A Blog by Jonathan Low

 

Apr 25, 2013

The Downside of Downsizing

The organizational battle between efficiency and productivity has been pretty one-sided since the financial crisis. Efficiency, as in downsizing, right-sizing or otherwise firing employees, won hands down.

But as companies start to see sales grow they are having to confront the reality of that approach: dissatisfied customers and experienced employee turnover.

The dispute is an old one. There are passionate adherents on either side. But in an economy increasingly attuned to customers' demands, service failure can make the difference between survival and failure. The retail industry, where turnover in many firms is over 100% annually is beginning to do a more effective job of assessing the costs associated with the loss and replacement of staff.
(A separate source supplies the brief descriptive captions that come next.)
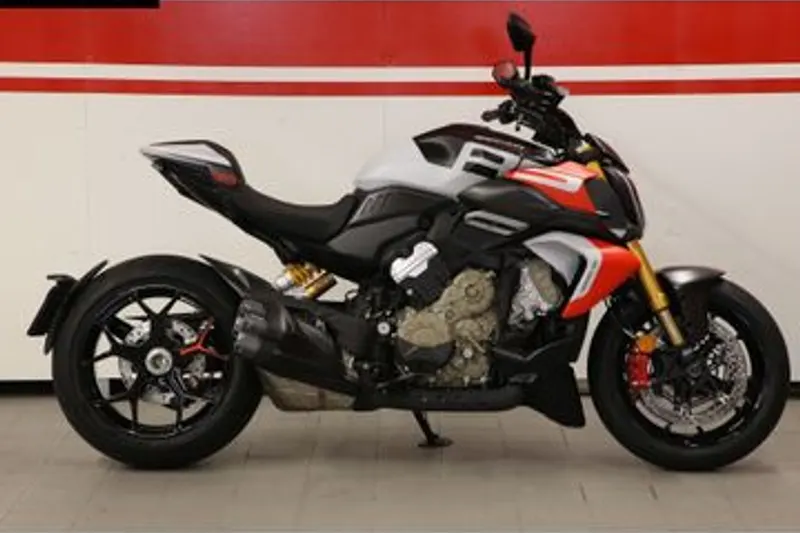 Ducati Diavel V4 RS (2026)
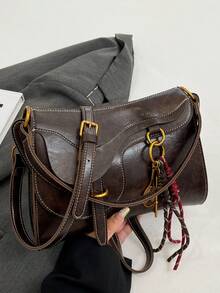 1 Bolsa de Ombro Feminina Retrô Assimétrica Decorativa, Bolsa Transversal Versátil em PU com Pingente de Acessório - Castanho - Ver 5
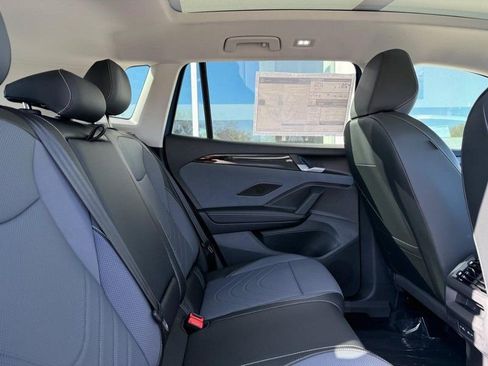 New 2026 Volkswagen Tiguan SE AWD/4WD image 4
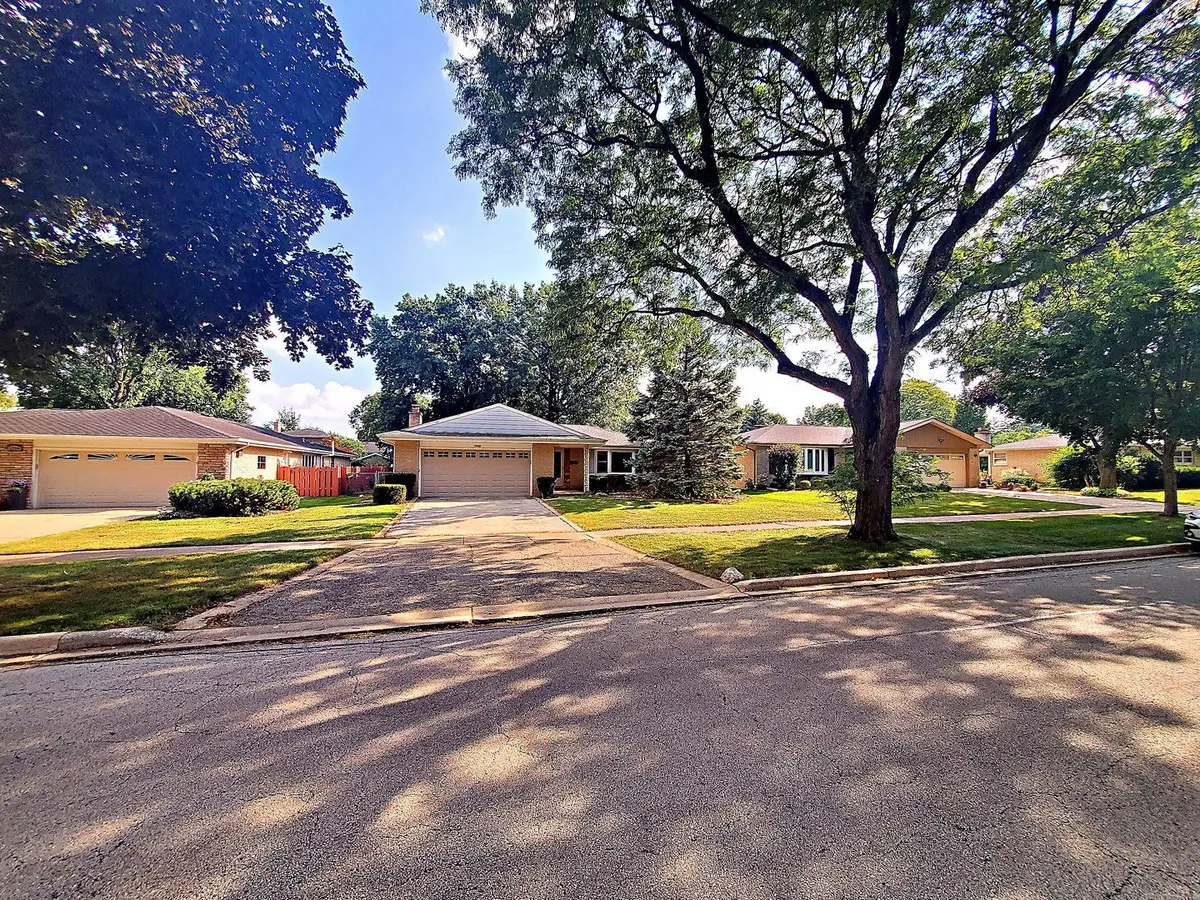 1221 W Lonnquist Boulevard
Hiring and training new workers turns out to be more expensive than previously thought, especially when one accounts for losses of efficiency and effectiveness associated with unfamiliarity with products and processes, which can lead to customer frustration, ultimately resulting in lost sales. The loss of tacit knowledge, the term used to describe the benefits of experience, can also now be better evaluated in terms of financial impact.
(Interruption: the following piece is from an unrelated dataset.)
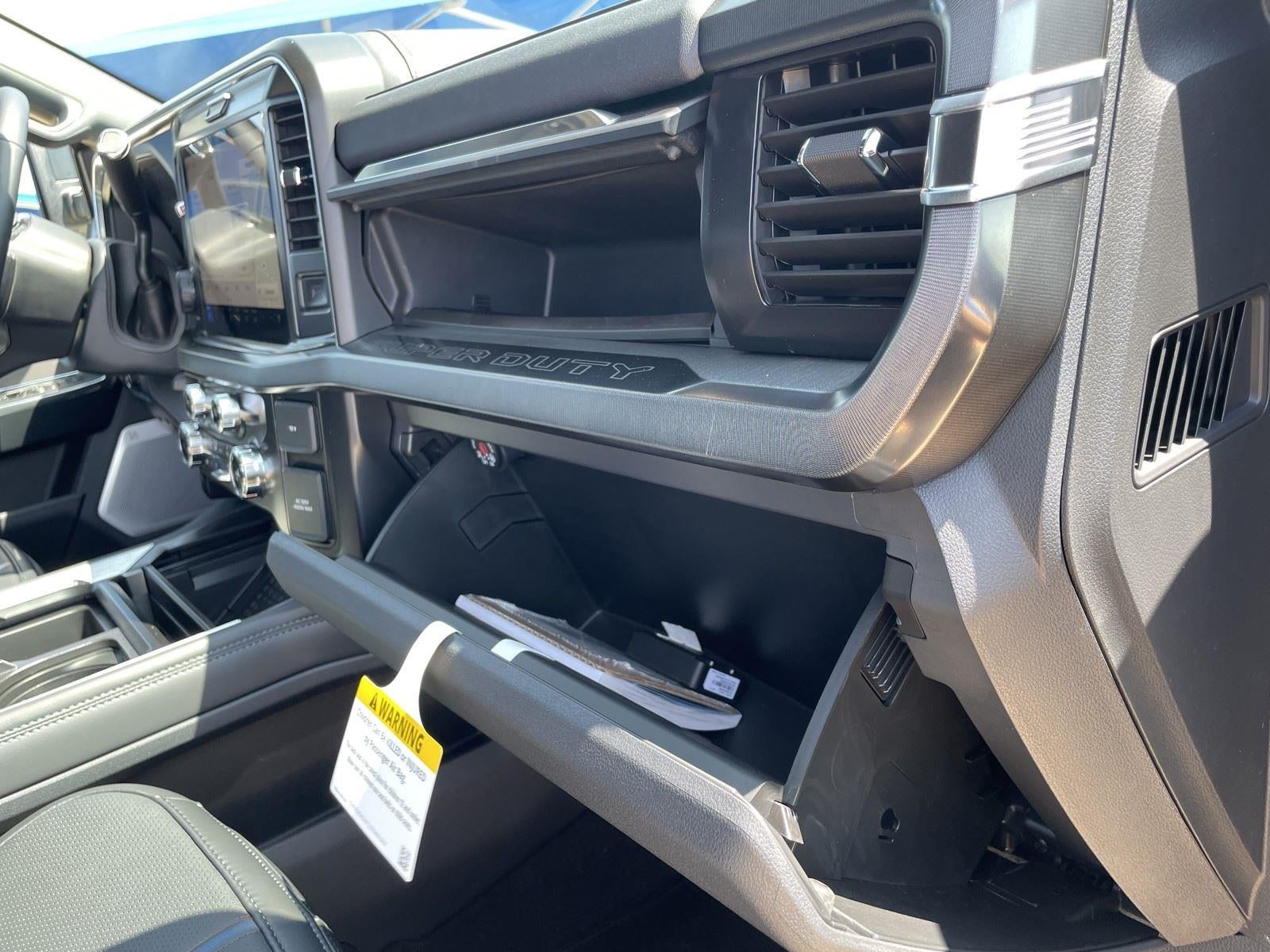 2026 Ford Super Duty F-350 SRW Platinum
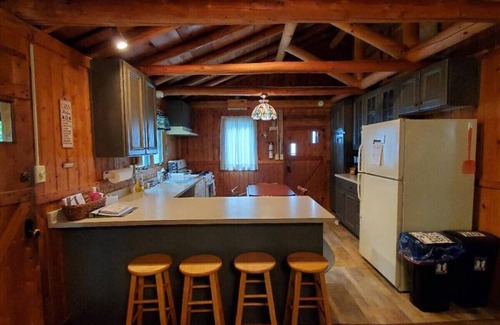Rowleys Bay Cabin | Wismar Cabin Waterfront with Private Beach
None of this will come as a surprise to managers who have had to take responsibility for the operational results associated with too much work and too few workers. The economy's financialization over the last decade has reduced even further the value ascribed to human workplace contributions. The tyranny of the shareholder value ethos, which deeply discredited customers and employees bit so deep that companies attempting to recover and meet the needs of a technologically astute economy often struggle to offer satisfactory service levels. As the risks and limits of financial engineering become more evident, the benefits of other success drivers may finally be coming apparent to enterprises dependent on customers insistent on getting what they want, when they want it. With anticipating needs and desires, the next performance threshold, those demands will only increase. JL

Brad Tuttle reports in Time:

In the business world, efficiency is king. The corporate quest to cut salaries and get more out of employees, thereby maximizing profits, is never-ending. At some point, however, increasing the workload on employees backfires.
One national restaurant chain realizes that overburdening its employees hurts sales, as well as the company brand. Will more businesses follow its lead?
The burden becomes too much for workers to bear, and when employees are overwhelmed and can’t keep up with their duties, it’s just plain bad for business.
Last week, Red Lobster basically admitted that it had crossed the line with the introduction of a policy aimed at increasing efficiency and lowering restaurant costs. In July 2012, the restaurant chain, owned by Orlando-based Darden Restaurants, eliminated the busboy position, demoted many waiters to lower-paid status as “service assistants” and forced the remaining full-fledged servers to increase the number of tables they handled from three to four.
At the time, Red Lobster said the changes were being made after testing showed that diners and restaurant employees alike approved of the new policies. An Orlando Sentinel story published at the time of the switch offered some other perspectives:
‘We’re going to be completely worn out,’ said Bob Meehan, a longtime server at Red Lobster in Lake Worth. ‘It’s definitely going to hurt service.’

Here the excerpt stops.